:: RECORDED DATA

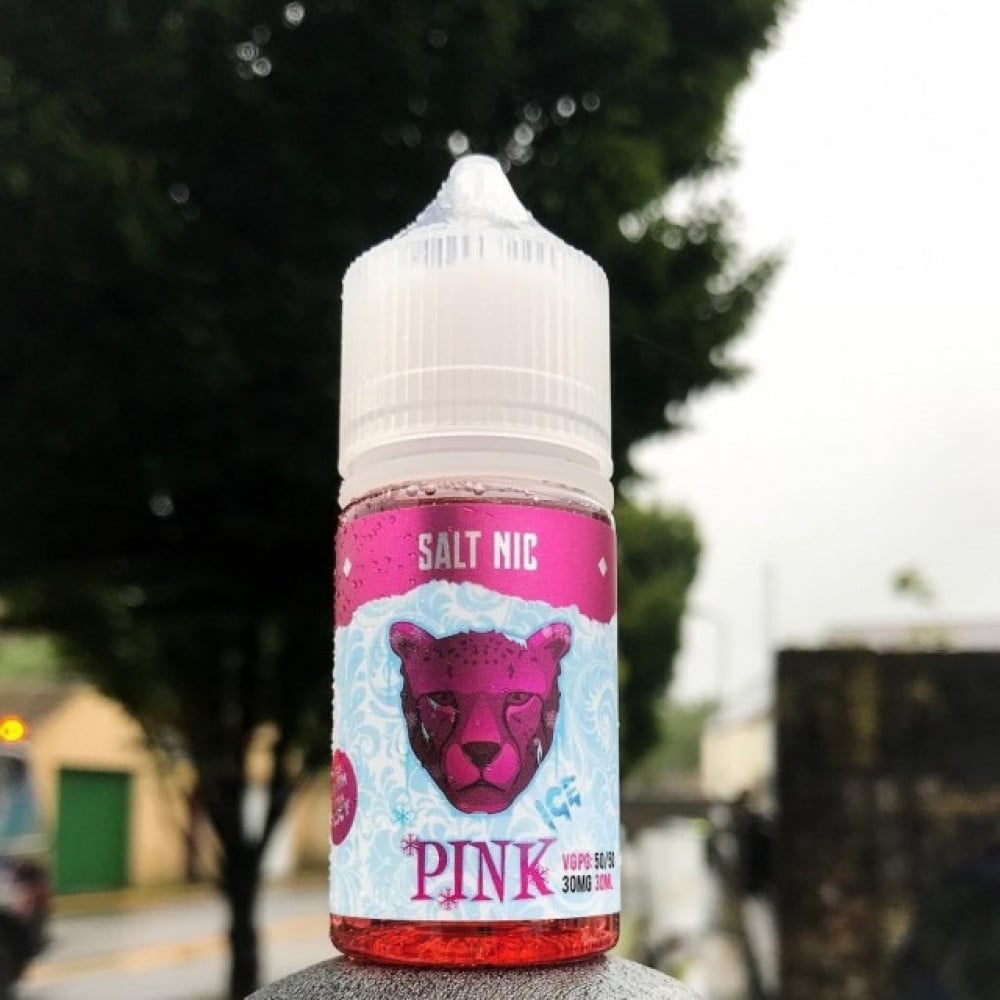 نكهة سولت النمر الوردي بارد بينك بانثر ايس Pink Panther ICE Salt - Image 3
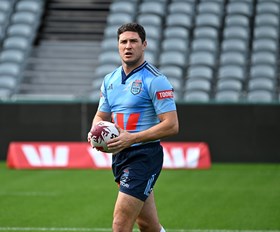 Burton on standby for Moses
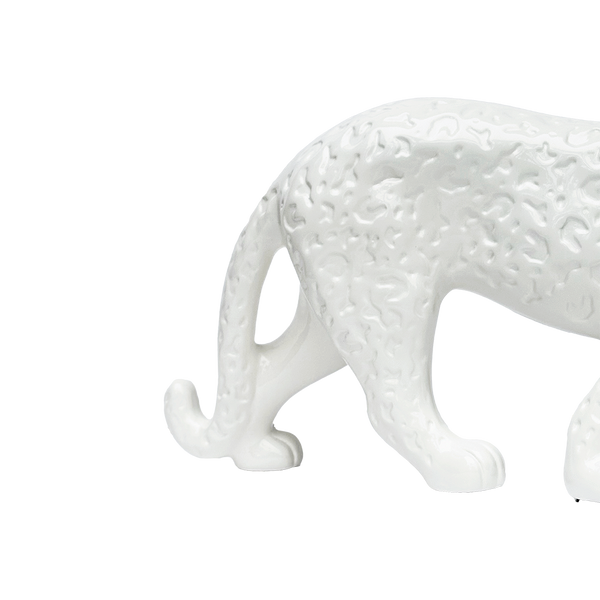 Leopardo Blanco Virgilio Wild Visceral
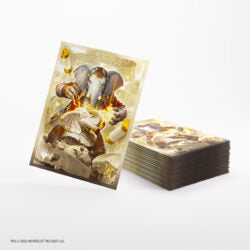 Gamegenic - Secrets of Strixhaven Premium Art Sleeves - Quintorious, History Chaser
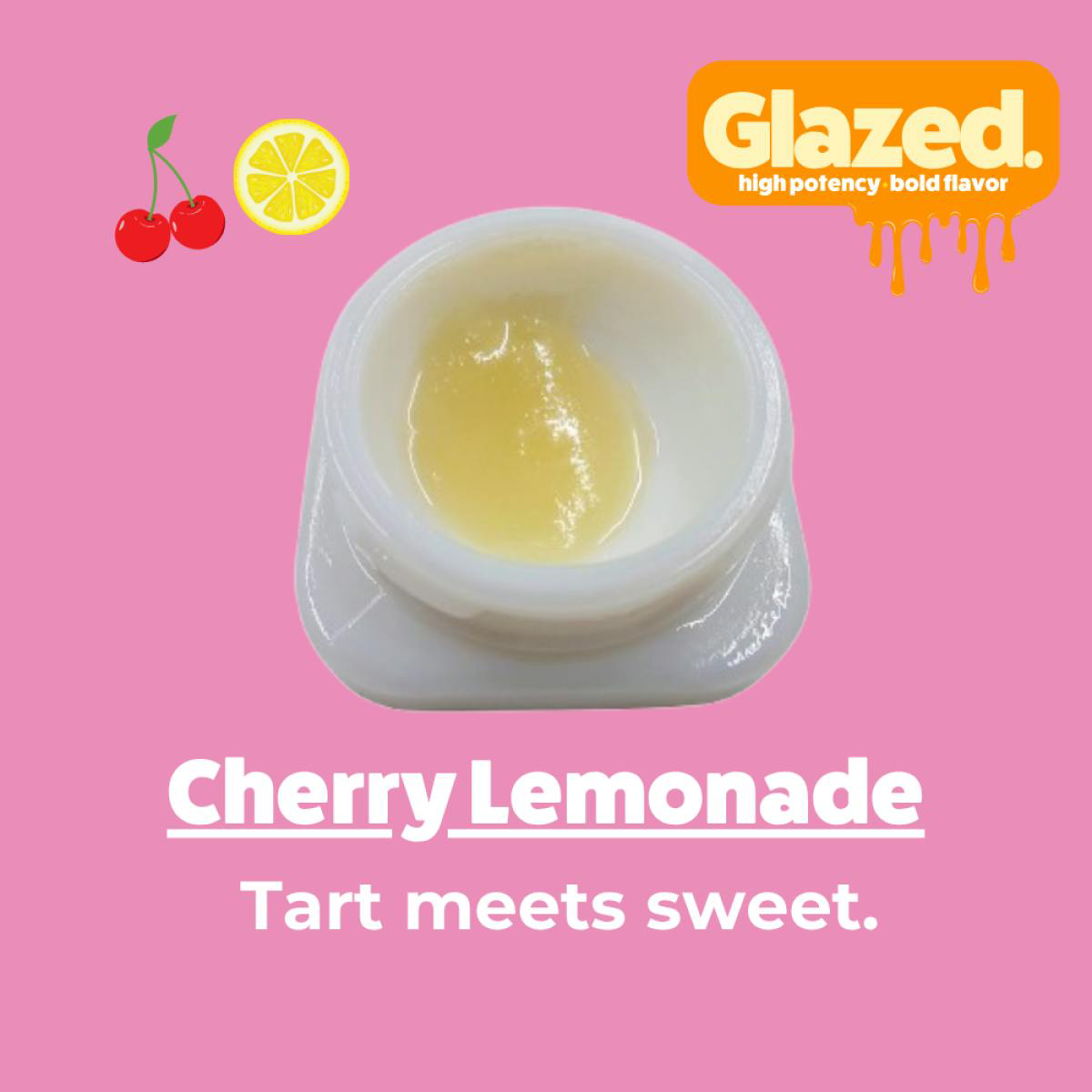 Photograph of product: Cherry Lemonade Flavored Wax 1g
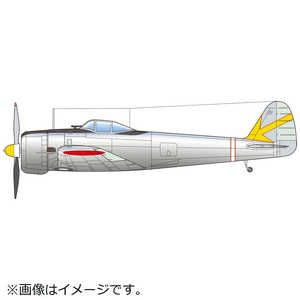 プラッツ 1/144 陸軍一式戦闘機 隼I型 “銀翼の隼”（2機セット） 144ﾊﾔﾌﾞｻ1ｷﾞﾝﾖｸ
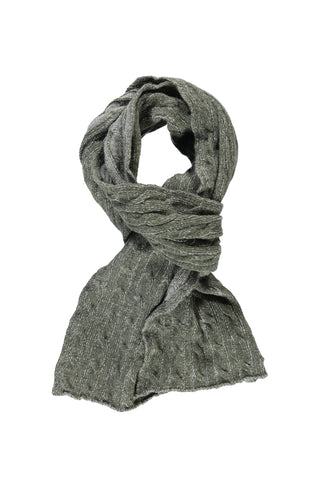  Küf Ye?ili Yünlü Desenli Atk? & Bere & Eldiven Tak?m?-Ki??l?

::::

ASSIGNMENT: Write out all of the records above. Keep them exact and leave out the pictures.

EXERCISE SOLUTION:
 نكهة سولت النمر الوردي بارد بينك بانثر ايس Pink Panther ICE Salt - Image 3
 Burton on standby for Moses
 Leopardo Blanco Virgilio Wild Visceral
 Gamegenic - Secrets of Strixhaven Premium Art Sleeves - Quintorious, History Chaser
 Photograph of product: Cherry Lemonade Flavored Wax 1g
 プラッツ 1/144 陸軍一式戦闘機 隼I型 “銀翼の隼”（2機セット） 144ﾊﾔﾌﾞｻ1ｷﾞﾝﾖｸ
  Küf Ye?ili Yünlü Desenli Atk? & Bere & Eldiven Tak?m?-Ki??l?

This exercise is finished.